Work item:
Where the records contain images, omit them, and repeat everything else word for word.

● ● ● ● ●

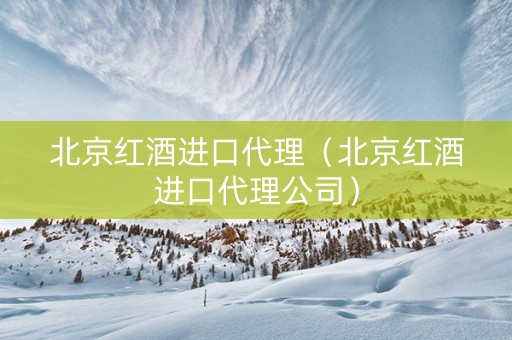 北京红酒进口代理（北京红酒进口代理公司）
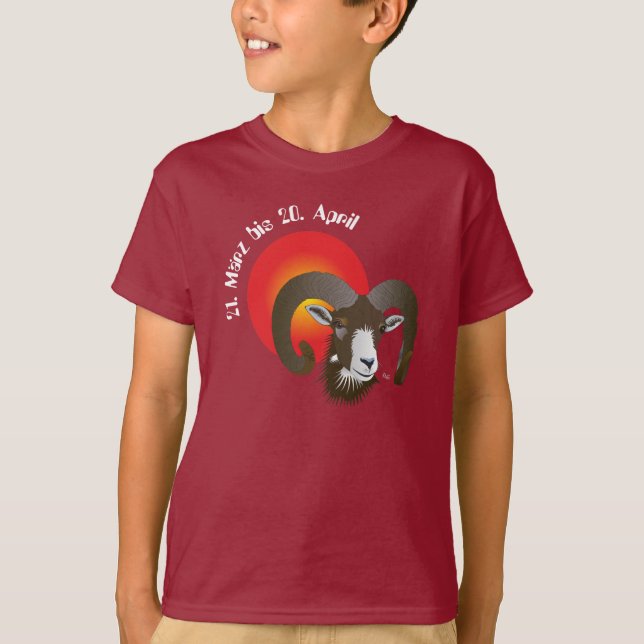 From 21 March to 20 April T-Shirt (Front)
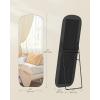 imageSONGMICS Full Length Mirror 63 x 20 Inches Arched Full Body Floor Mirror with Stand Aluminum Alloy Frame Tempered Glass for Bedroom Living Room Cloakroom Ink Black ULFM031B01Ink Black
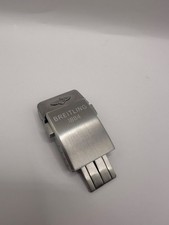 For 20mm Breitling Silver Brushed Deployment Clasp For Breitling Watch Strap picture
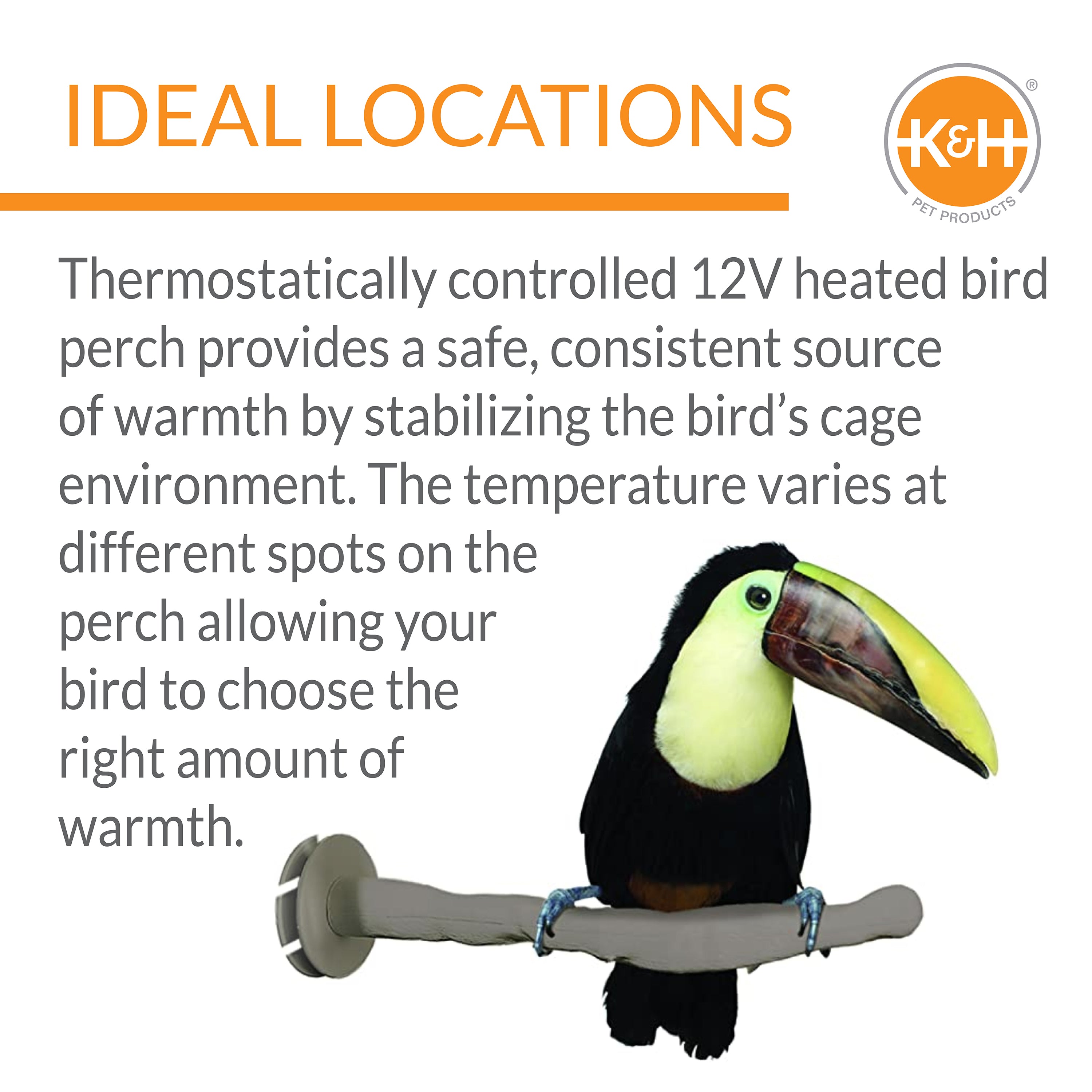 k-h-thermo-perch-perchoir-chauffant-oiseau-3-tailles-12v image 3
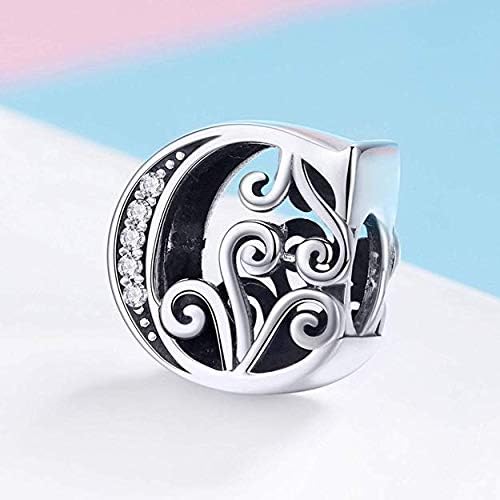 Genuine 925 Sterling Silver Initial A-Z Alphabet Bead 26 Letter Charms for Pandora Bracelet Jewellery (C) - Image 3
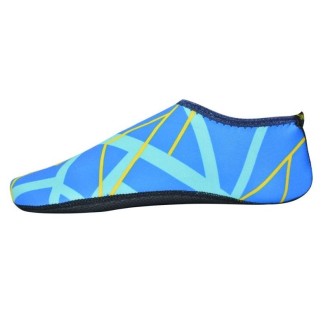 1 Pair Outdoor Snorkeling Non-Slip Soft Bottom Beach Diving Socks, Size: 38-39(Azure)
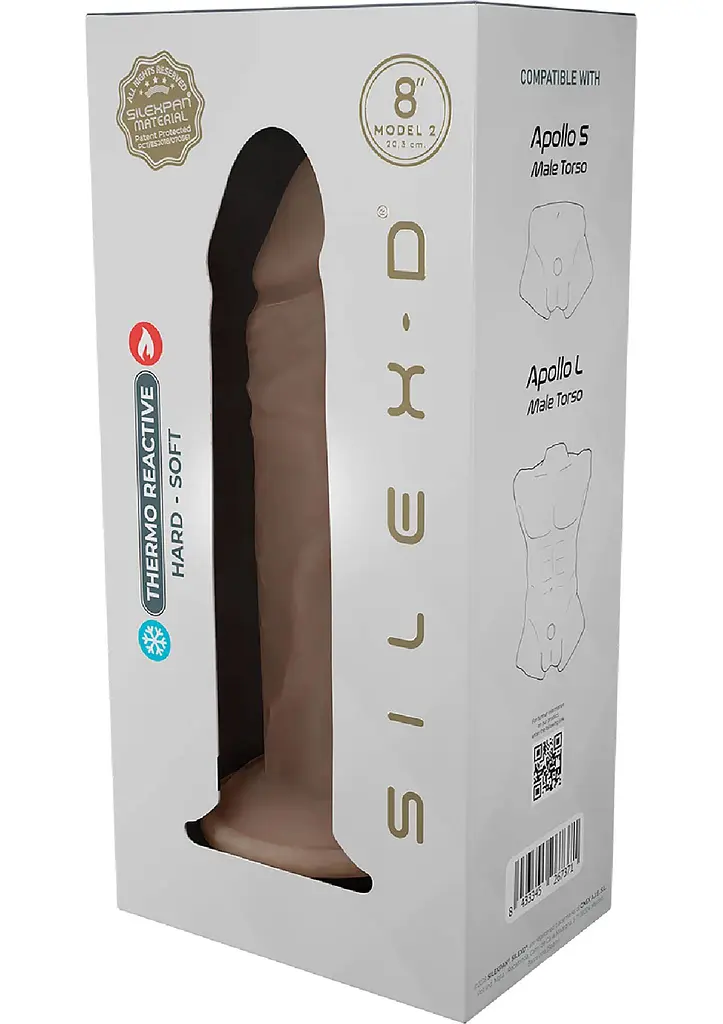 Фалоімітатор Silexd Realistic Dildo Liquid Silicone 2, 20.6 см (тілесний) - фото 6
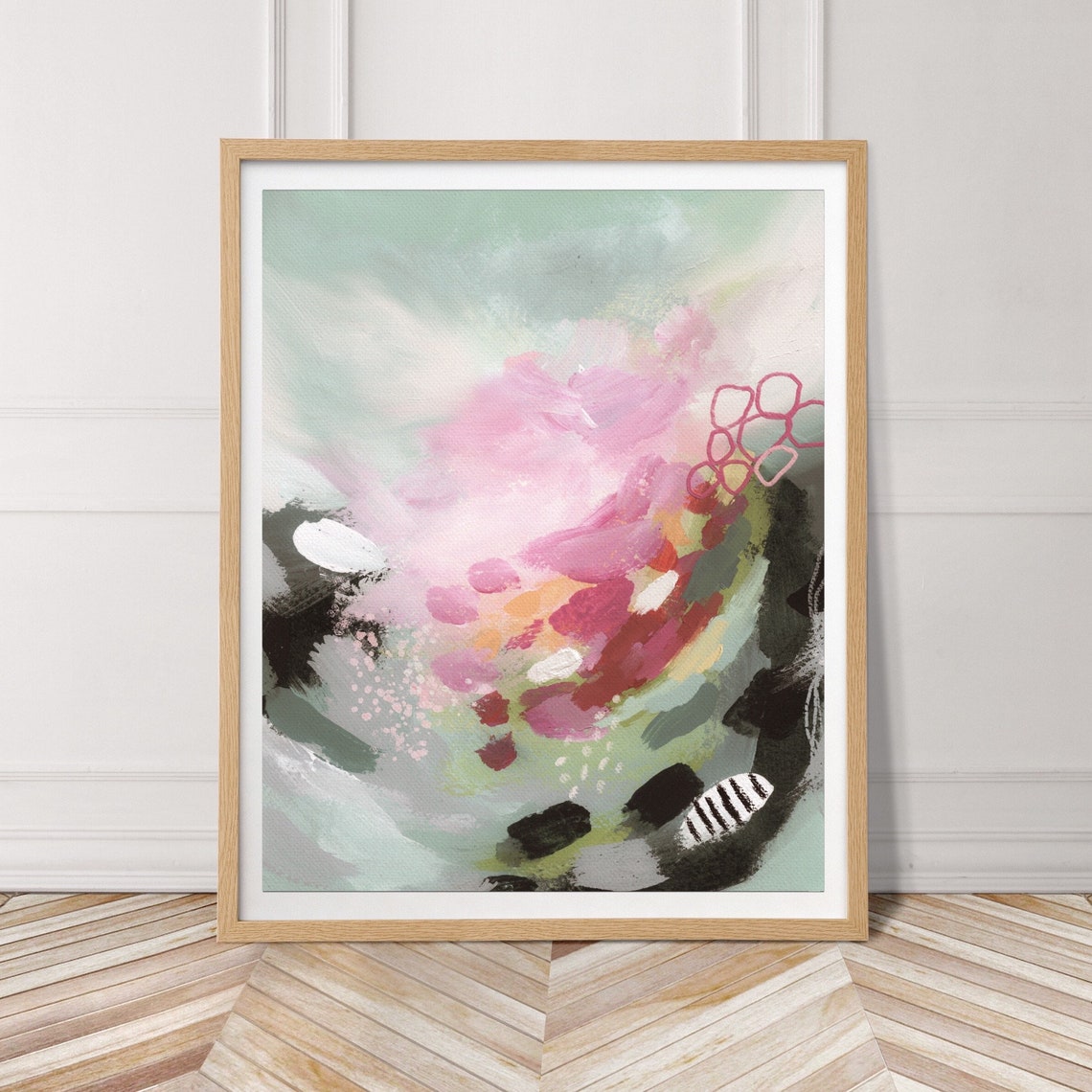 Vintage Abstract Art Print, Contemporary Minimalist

● ● ● ● ●

Solution:
 北京红酒进口代理（北京红酒进口代理公司）
 From 21 March to 20 April T-Shirt (Front)
 imageSONGMICS Full Length Mirror 63 x 20 Inches Arched Full Body Floor Mirror with Stand Aluminum Alloy Frame Tempered Glass for Bedroom Living Room Cloakroom Ink Black ULFM031B01Ink Black
 For 20mm Breitling Silver Brushed Deployment Clasp For Breitling Watch Strap picture
 k-h-thermo-perch-perchoir-chauffant-oiseau-3-tailles-12v image 3
 Genuine 925 Sterling Silver Initial A-Z Alphabet Bead 26 Letter Charms for Pandora Bracelet Jewellery (C) - Image 3
 1 Pair Outdoor Snorkeling Non-Slip Soft Bottom Beach Diving Socks, Size: 38-39(Azure)
 Фалоімітатор Silexd Realistic Dildo Liquid Silicone 2, 20.6 см (тілесний) - фото 6
 Vintage Abstract Art Print, Contemporary Minimalist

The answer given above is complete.